= Daniel Sutherland Davidson =

American anthropologist

Daniel Sutherland Davidson (July 9, 1900—December 26, 1952) was an American anthropologist who also did important work among the Australian Aborigines in the 1930s.

==Life==
Davidson was born in Cohoes in New York in 1900, the son of a travelling salesman, Matthew H. Davidson and his wife Laura (Sutherland). He studied at the University of Pennsylvania graduating in 1923, and taking successively a Master's (1924) and Doctoral degree in anthropology (1928). He was appointed instructor at his alma mater, remaining there, apart from a brief stint at the University of Buffalo for the academic year 1932-1932, until 1946. He spent a year at the University of Oregon before accepting a professorship at the University of Washington where he taught until his untimely death three years later.

Davidson's initial research focused, under the direction of his mentor Frank Speck, on the eastern Algonquian, where he developed an archaeological approach. Already with his doctoral dissertation however his deep interest in the indigenous population of Australia emerged as he applied the diffusionist model of the age and area theory to antipodean ethnographical materials. His doctoral thesis The Chronological Aspects of Certain Australian Social Institutions as inferred from Geographical Distribution was subject to a scathing critique (Note: 'If the aim of anthropological investigation is to enable us to arrive at the same sort of understanding of the phenomena
of culture that other sciences give us of other phenomena, then such studies as this do not in any way serve their aim.') at the time by one of the major authorities on Australian ethnography, A. R. Radcliffe-Brown.

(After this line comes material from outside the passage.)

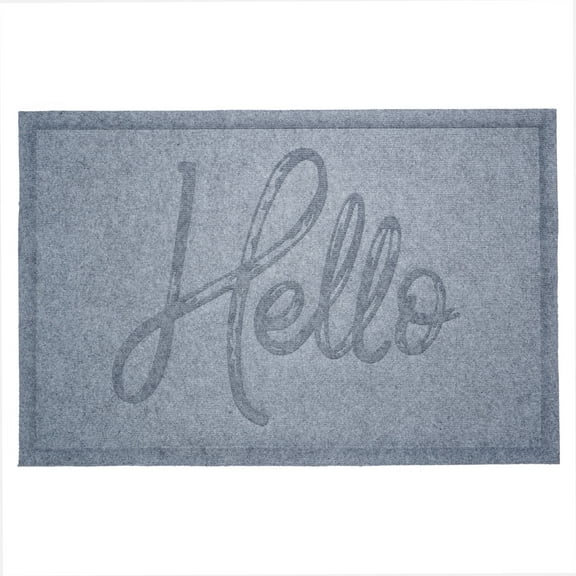 Poly Canty Hello Indoor/Outdoor Mat,18" x 30", Light Grey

A grant from the American Philosophical Society enabled him to do fieldwork over nearly two years in northern Australia (1930-1931), followed up by a further stay in 1938–1939. Over this time, Davidson managed to gather a list of native vocabularies amounting to some 4200 words, collected from informants speaking 19 different languages of Western Australia. Much of this material has yet to receive close attention from researchers.

In 1938 he published A Preliminary Register of Australian Tribes and Hordes together with An Ethnic Map of Australia, a magisterial synthesis of his close sieving of the available ethnographic materials regarding Aboriginal groups. He followed this up with a monograph in 1941 on Australian tribal string figures, exhibiting a prestidigitator's mastery for replicating such designs which he had already demonstrated in a paper he had published in a 1927 paper on string figures among the Virginian Indians.